Curing one problem will save curing many more expensive ones later on.
I watched a Dr. Amen last night on PBS doing a fundraiser on the subject of dealing properly with the health of our brains, and how doing so can make your health and your energy levels so much better. There is merit, of course, in what he was teaching.
Sadly the audience seemed to totally consist of adults 40-to-better years old. That was not surprising, for the saying goes "Too soon old; too late smart."
Health is a growing concern as we age, and a Laotian king said that "No one needs to grow old, but if you don't want to grow old you have to be a good steward of your body."
Frankly, Americans have been doing a lousy job of stewardship when it comes to our bodies.
I am one of those "40-to-better years old" Americans. I have spent much of my life post-childhood (when my parents made sure I had a daily vitamin and healthy foods) eating at least as much for pleasure as for nourishment. I suspect I am not alone.
Some fat, some sugar, even without alcohol, caffeine, and tobacco, was part of my daily consumption, and by the time I was dealing with heart problems and a gallstone it was definitely time for a change.
So far I have shed 35 pounds with no real effort. That took my Body Mass Index (BMI) from 29.4 down to 25.1. Another 5 pounds will get me where I want to be. The healthy BMI for an adult (male or female) is 18.5 to 24.9. After the next 5 pounds my BMI will be 24.4. In the process my cholesterol will have reached a healthy range, and I suspect my brain will be healthier, too, with a lowered risk of dementia. My heart won't have to work so hard, and I haven't had a problem with the gallbladder either.
As adults, we set the example for our youth. While they live with us growing up, we have some say as to what foods we buy, serve, and snack on. When we go out to eat with them, we can set a good example as to what we order, and how big the portions are that we ask for, and we can discourage indulging in sweets and their empty calories.
There are other steps we can take as we raise healthy children. We can reduce stress in the home and teach each child how to deal with stress.
We can make sure they get adequate, quality sleep and hydrate properly with enough water each day.
We can be a stickler for using sunscreen when outdoors for extended periods of time and for wearing caps or hats, too.
And we can do all this matter-of-factly without turning into prison wardens.
On the next several shopping trips to the store, think about what is going into the family shopping cart, and as Dr. Amen suggests, ask yourself the question "Then what?" Some things are better left at the store which has rows and rows of sugary items and so many items with saturated fats (not all of them meats and deli items).

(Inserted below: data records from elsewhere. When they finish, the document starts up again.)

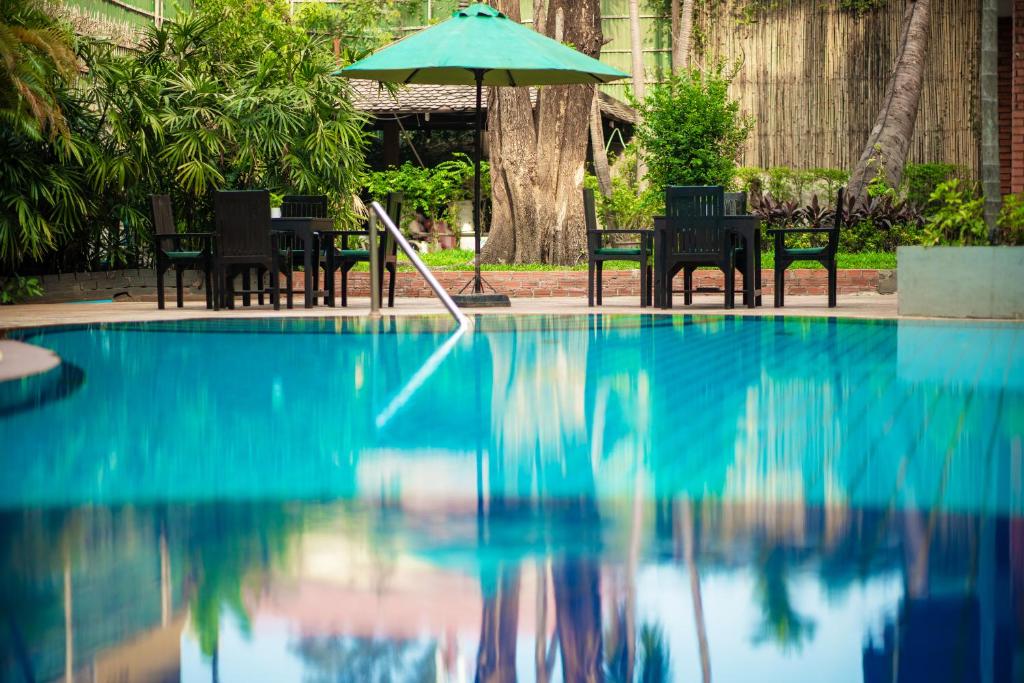 a swimming pool with chairs and an umbrella at ANGKOR TRAILS Residence in Siem Reap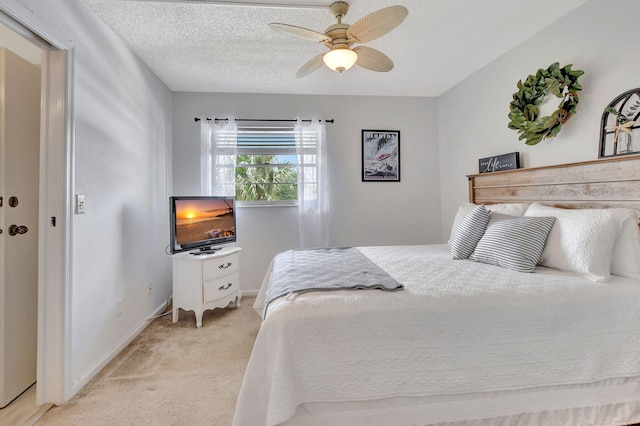 carpeted bedroom with ceiling fan and a textured ceiling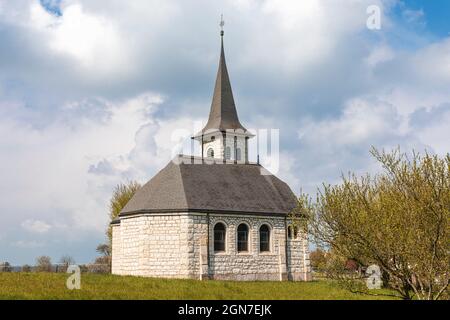 Chiesa caratteristica nel campo verde delle Alpi svizzere del Cantone Giura. Nessuno dentro. Giorno nuvoloso. Foto Stock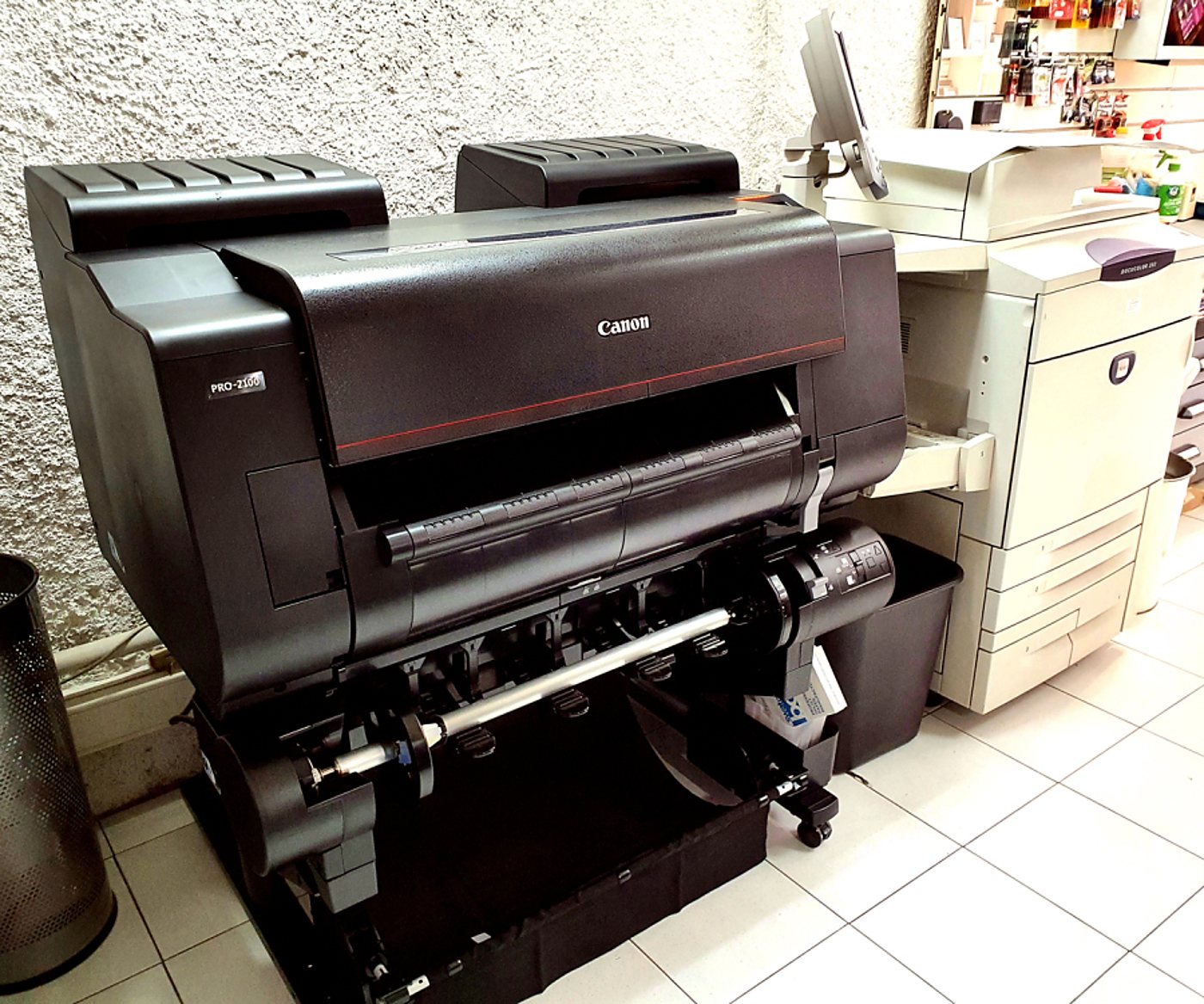 Une imprimante grand format Canon PRO-2100 noire posée sur son support, à côté d'un photocopieur et d'une corbeille, dans un local au sol carrelé.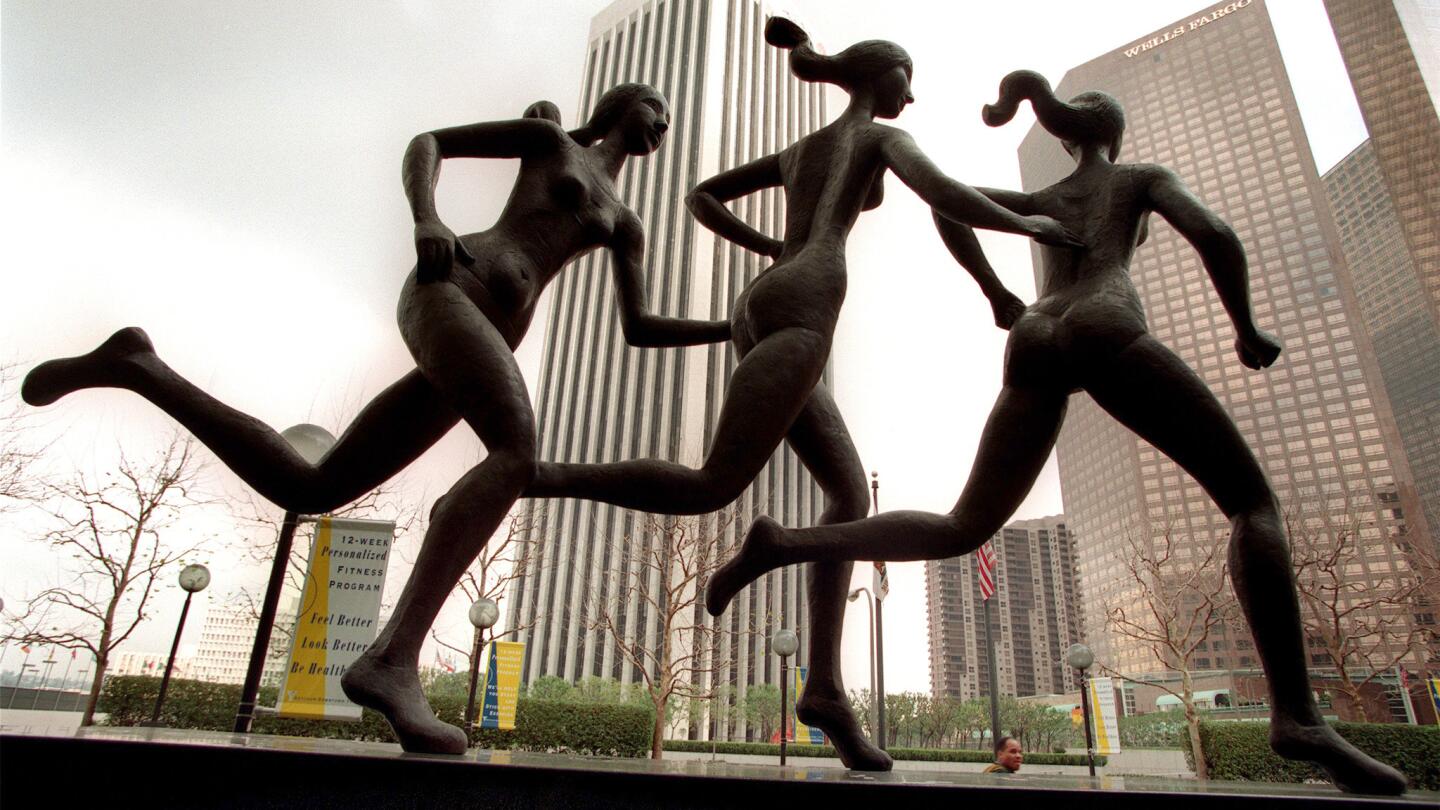 Milton Hebald's 1986 "Olympiade '84," a bronze depicting three women racing in full stride, stands outside the front entrance to the Stuart Ketchum Downtown YMCA in Los Angeles.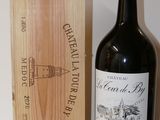 a bottle of wine sitting next to a wooden box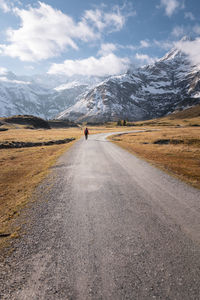 Road amidst field against sky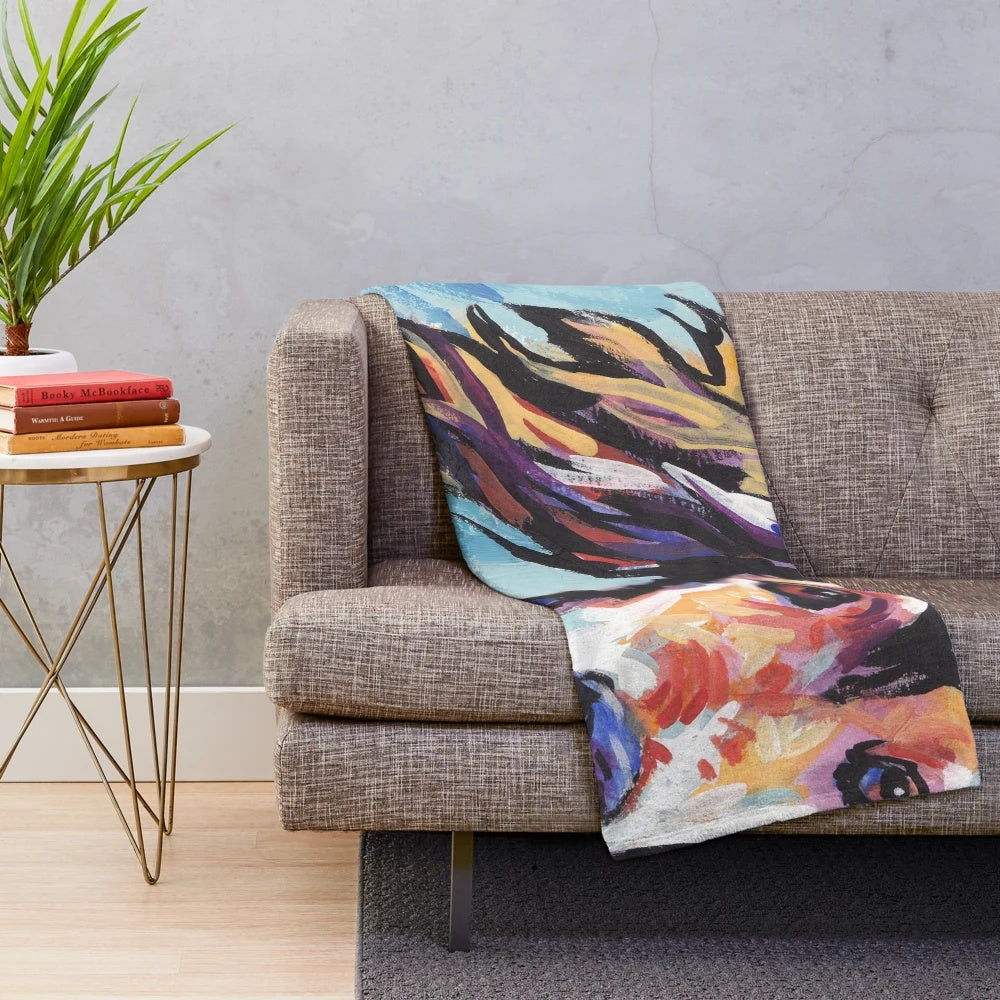 Colorful pop art portrait of a Saluki hound dog on a plush blanket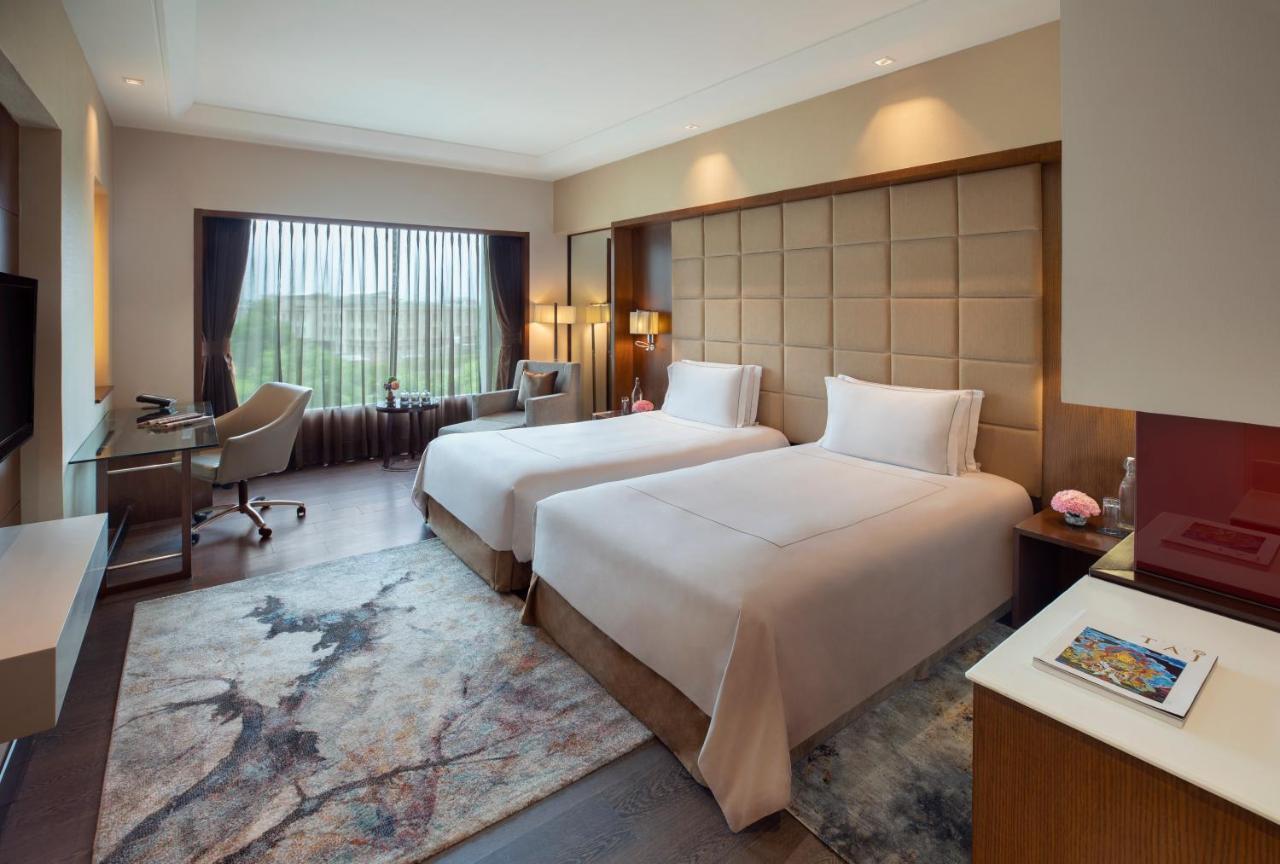Taj Club Room Twin Bed with 15% discount on food, beverages, laundry and spa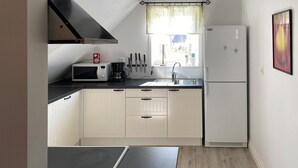 Eine kleine Küche mit Mikrowelle, Kaffeemaschine, Messern und Kühlschrank.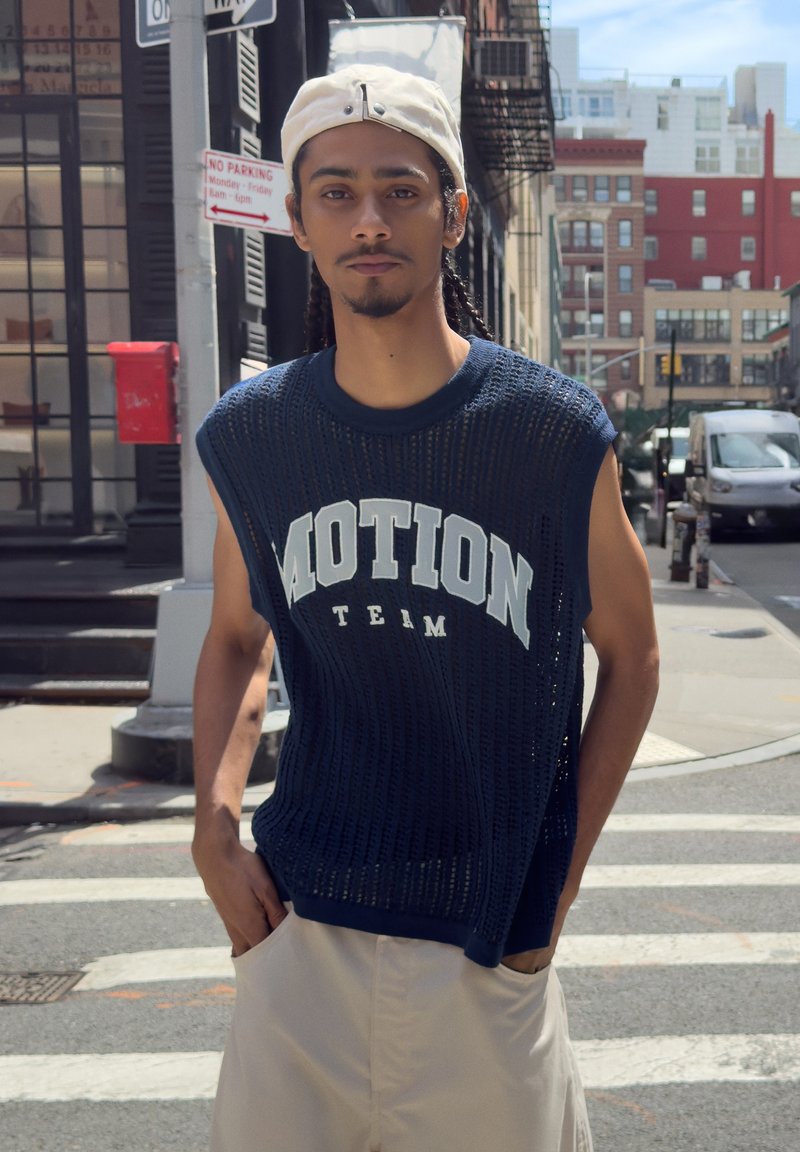 Jeune homme aux cheveux tressés portant une casquette beige à l'envers, un top en maille sans manches bleu marine avec la mention "MOTION TEAM" et un pantalon clair, debout sur un passage piéton en ville.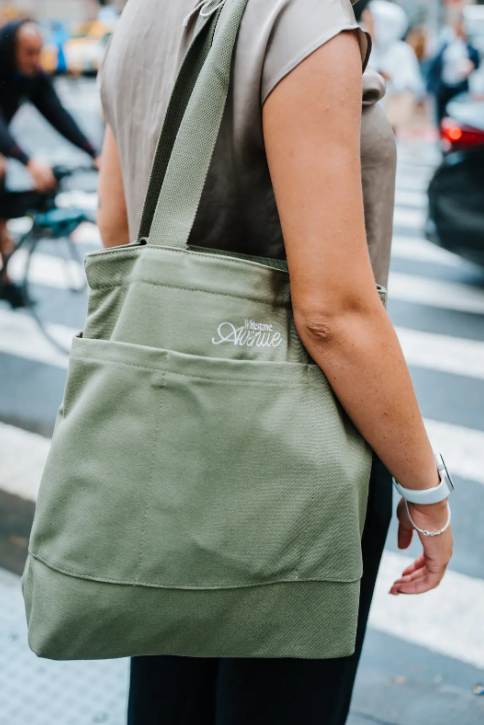 Custom branded retail bag in lifestyle context showing premium decoration and quality construction for brand merchandise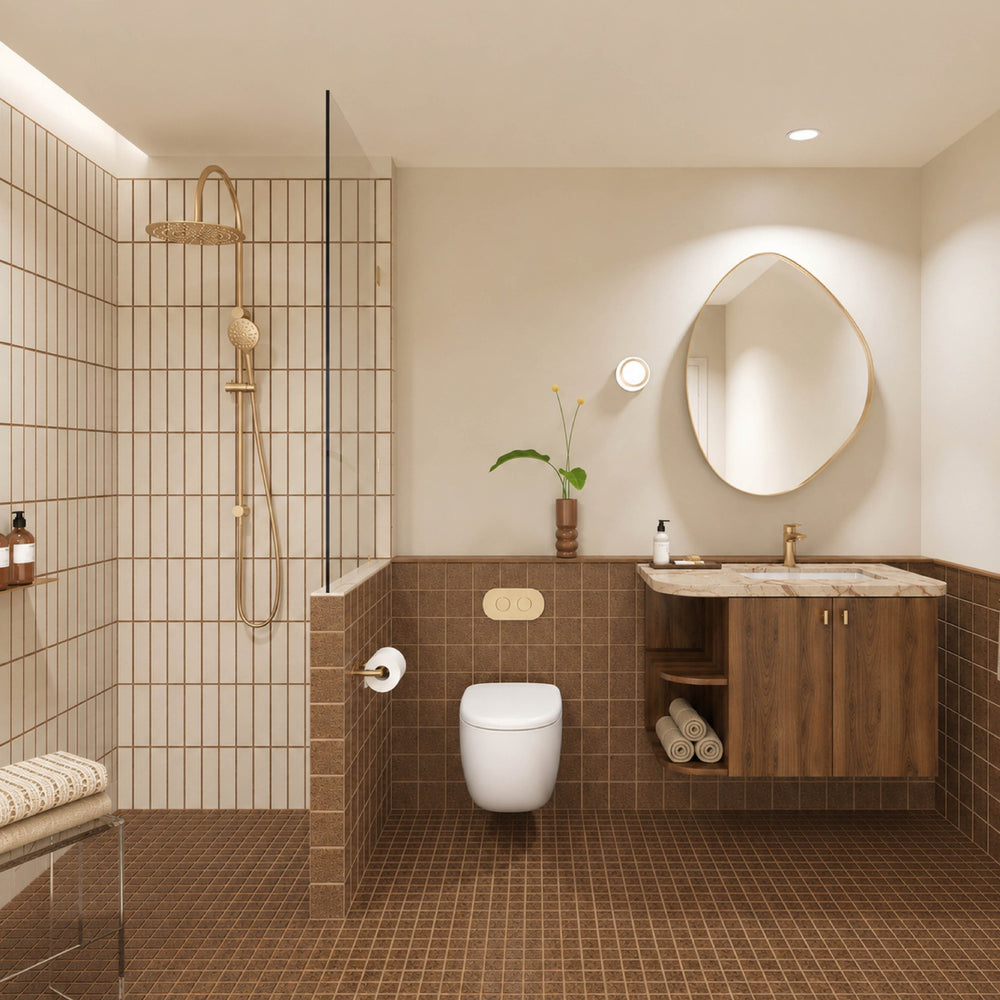 Terracotta tiled bathroom with walk-in shower, timber vanity, cream stone benchtop, pebble-shaped mirror and gold fittings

There will be an added bonus. Your grocery bill will show a sharp drop which will more than compensate for the increased price of some farm and dairy products, fruits, and healthy snacks.
Energy drops when blood sugar levels drop. Blood sugar levels drop when we are hungry. The answer to having energy is to have four to six healthy meals each day, rather than two to three feasts, remembering that Benjamin Franklin correctly observed that "Overeating dulls the mind."
Calculate the BMI for everyone in your household. Then mutually resolve to encourage each other to take family health seriously and get those BMI figures into the healthy range that can ensure a healthier, longer, happier life going forward.
It can be done. I know. I'm doing it.